Memory leak with OpenMPI 1.8.6

Dear all,

Arch Linux recently switched to OpenMPI 1.8.6 from OpenMPI 1.8.5, and this somehow introduced a memory leak when used with LAMMPS. If I just compile LAMMPS without any custom packages and run the melt-example using one core I see fairly normal memory usage of 15,484 K normal and 12,132 K shared. This happens both if I run it as ./lmp -in in.melt and as mpirun -np 1 ./lmp -in in.melt.

However, if I run the same example using two cores, the shared memory usage remains constant but the real usage slowly creeps up with about 4 K per 1000 time steps.

If I downgrade my system to before OpenMPI 1.8.6 replaced OpenMPI 1.8.5 everything works as expected and there are no leaks.

I suppose the OpenMPI developers would be the correct place to report this, but I can imagine it would help if the leak could first be isolated somehow, and for this I guess knowledge of the LAMMPS memory management would help, of which I have none. The trivial OpenMPI examples I could come up with showed no leakage.

If it is any help, I have attached some output from valgrind’s memcheck when I ran with one and two cores, both with MPI 1.8.5 and 1.8.6. The two-core output shows lots of invalid read/writes in LAMMPS_NS::AtomVecAtomic::pack_border for both for MPI 1.8.6 and MPI 1.8.5, but somehow LAMMPS only leaks for MPI 1.8.6.

I guess this is what you get for living on the bleeding edge…

openmpi_1.8.5_1_core.out (991 Bytes)

openmpi_1.8.5_2_core.out (630 KB)

openmpi_1.8.6_1_core.out (991 Bytes)

openmpi_1.8.6_2_core.out (630 KB)

looks like you are not alone:

http://www.open-mpi.org/community/lists/users/2015/06/27231.php

perhaps you should chime in and note that it may not be cuda related...

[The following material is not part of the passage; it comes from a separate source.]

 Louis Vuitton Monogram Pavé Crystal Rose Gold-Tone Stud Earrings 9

I suppose the OpenMPI developers would be the correct place to report this, but I can imagine it would help >if the leak could first be isolated somehow, and for this I guess knowledge of the LAMMPS memory >management would help, of which I have none. The trivial OpenMPI examples I could come up with showed >no leakage.

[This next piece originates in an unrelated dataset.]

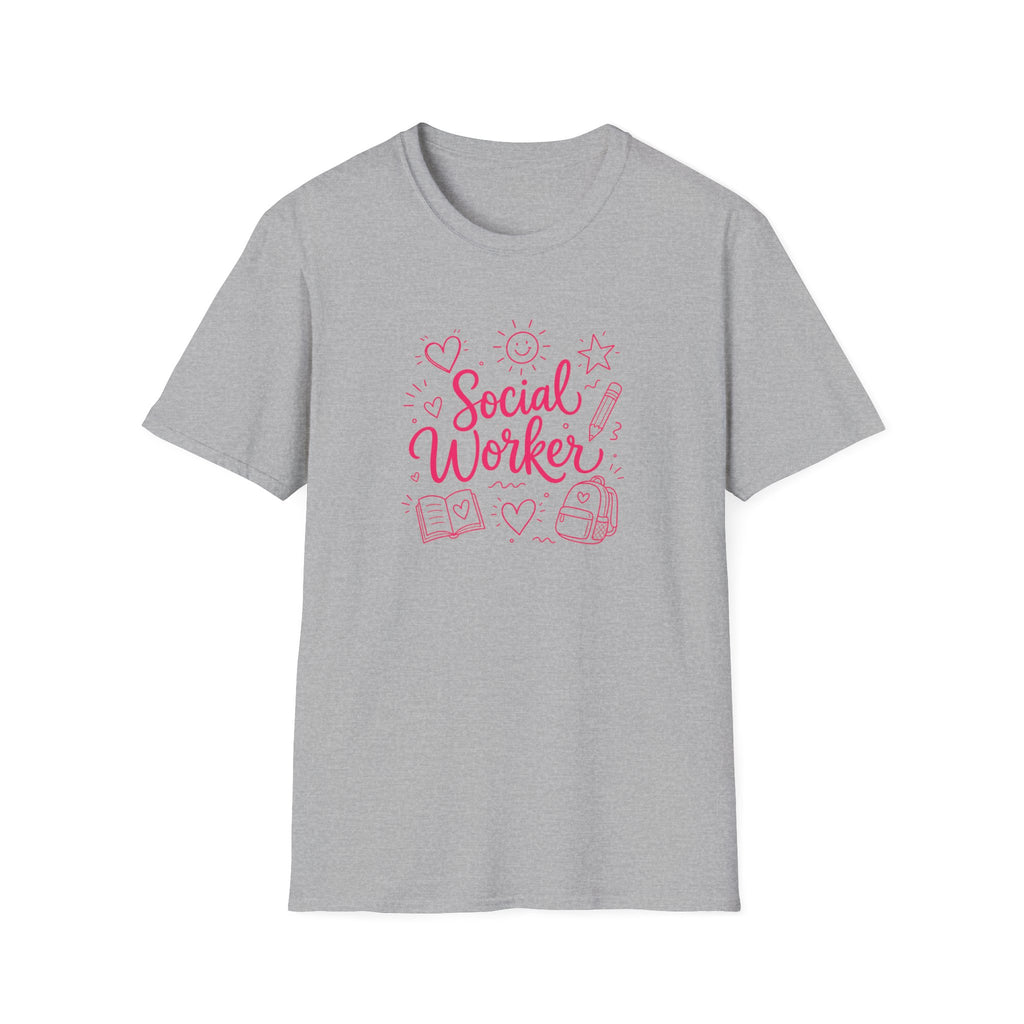 Social Worker T‑Shirt — Pink Caring Heart Design | Gift for Counselors & Advocates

Nothing on the LAMMPS side is likely to help. A few years ago OpenMPI had

memory leaks that tripped up various apps. Sounds like they’ve re-introduced one.

On a related note, last time I checked if you run valgrind on a LAMMPS/OpenMPI job

you get many annoying memory error messages on code locations internal to OpenMPI,

including various un-freed memory blocks at the end of the run. Which is not

the same as a leak, but more typically indicates incomplete clean-up.

Steve

Right, thanks. I have sent a mail to the OpenMPI mailing list, just to make sure they know it is (probably) not CUDA-related. For now I will just use OpenMPI 1.8.5, everything works fine for that.

So, this was indeed a bug on the OpenMPI side (obvious from the fact that LAMMPS with OpenMPI 1.8.5 works fine). It will be fixed in the next release: http://www.open-mpi.org/community/lists/users/2015/07/27260.php

Thanks for following up on this with the OpenMPI folks.

Steve